South Africa refugees1

KIM HARRISBERG, of Thomson Reuters Foundation, reports on claims from refugees and asylum seekers that challenges with renewing their permits on the country’s new online system leave them at risk of deportation and harassment…

Durban, South Africa 
Thomson Reuters Foundation

When her refugee permit expired in June last year, Congolese nurse Marseline Buhoro started getting calls from her bank in Johannesburg saying her account would be frozen.

Then her children’s university told her they would not be able to graduate because her family was technically undocumented.

Buhoro pleaded for a grace period, explaining she had finally figured out how to apply for a renewal using the government’s new online system but had been waiting months for confirmation that her application went through.

“It’s like a second trauma,” said the 53-year-old nurse who came to South Africa in 2005 to escape a civil war that killed her husband and three of her children.

“They freeze your account, your landlord is on your neck, you can’t buy food because you have no access to money – then it’s the stigma of being in the country illegally,” she told the Thomson Reuters Foundation in a phone interview.

South Africa refugees1

Congolese refugee Nicole Kabeya poses for a photo in front of artwork made by refugees at the Refugee Social Service where she works in Durban, South Africa, on 2nd February. PICTURE: Thomson Reuters Foundation/Kim Harrisberg.

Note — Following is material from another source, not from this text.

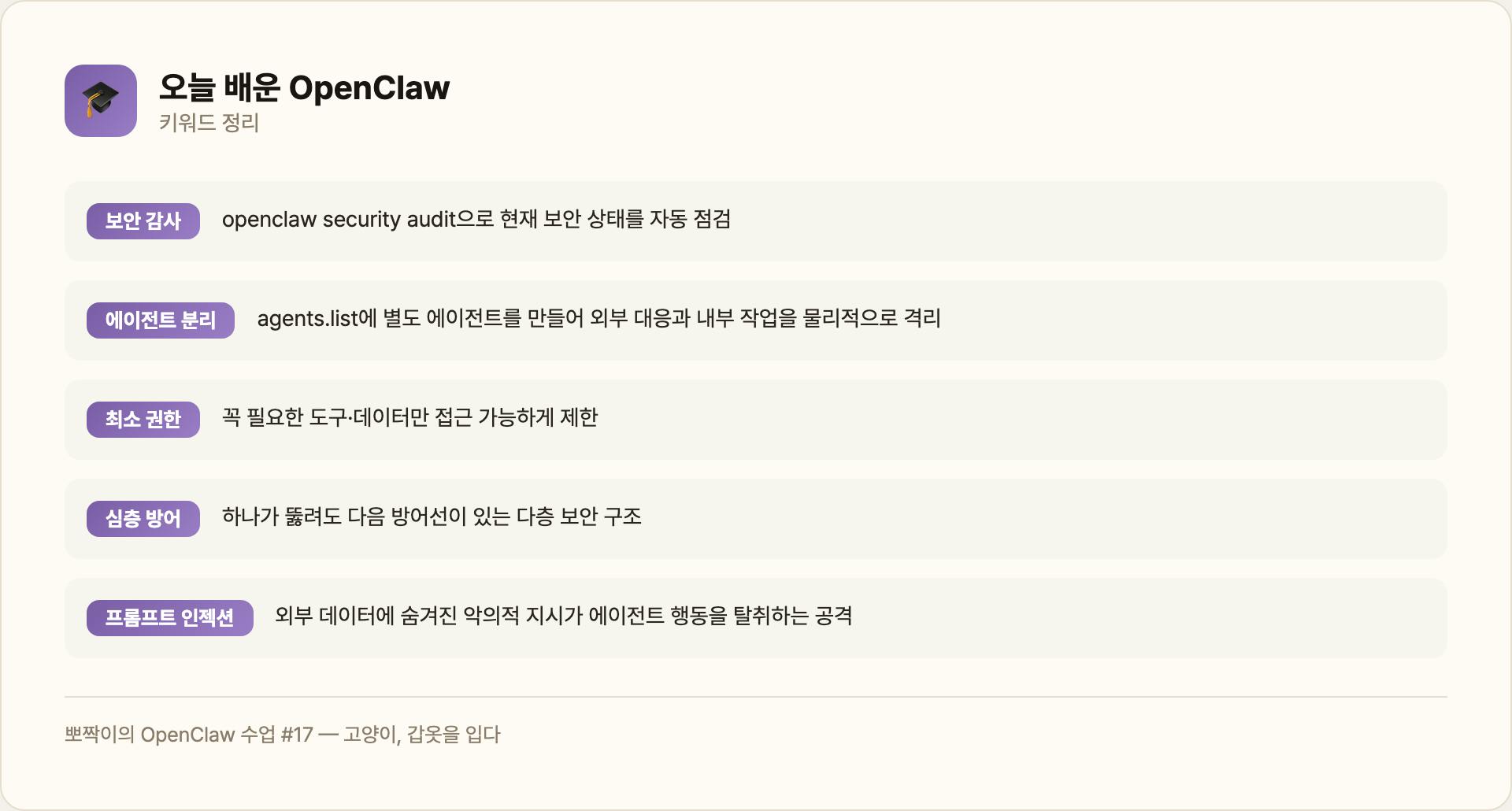 오늘 배운 OpenClaw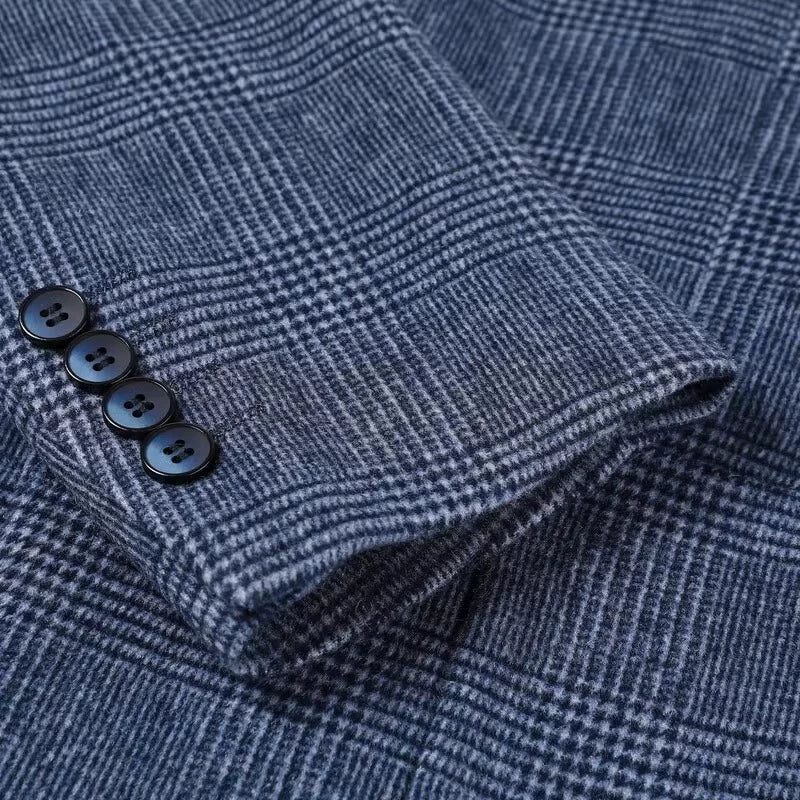Men's High-End Fall Slim-Fit Wool Suit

The new online system that went live in April 2021 was supposed to be a lifeline for refugees and asylum seekers who had not been able to renew their permits since refugee reception centres closed in 2020 during the national COVID-19 shutdown.

But refugee rights groups warn that tens of thousands of applicants have been struggling to navigate the new system or have failed to receive responses to their applications, causing them to miss a December 2021 deadline for permit renewals.

“It’s like a second trauma. They freeze your account, your landlord is on your neck, you can’t buy food because you have no access to money – then it’s the stigma of being in the country illegally.”

– Congolese nurse Marseline Buhoro, who moved to South Africa in 2005 to escape a civil war that killed her husband and three of her children.

In late February, the Department of Home Affairs announced in a government gazette that a new deadline would come into effect, giving applicants until the end of April, 2022, to renew their permits.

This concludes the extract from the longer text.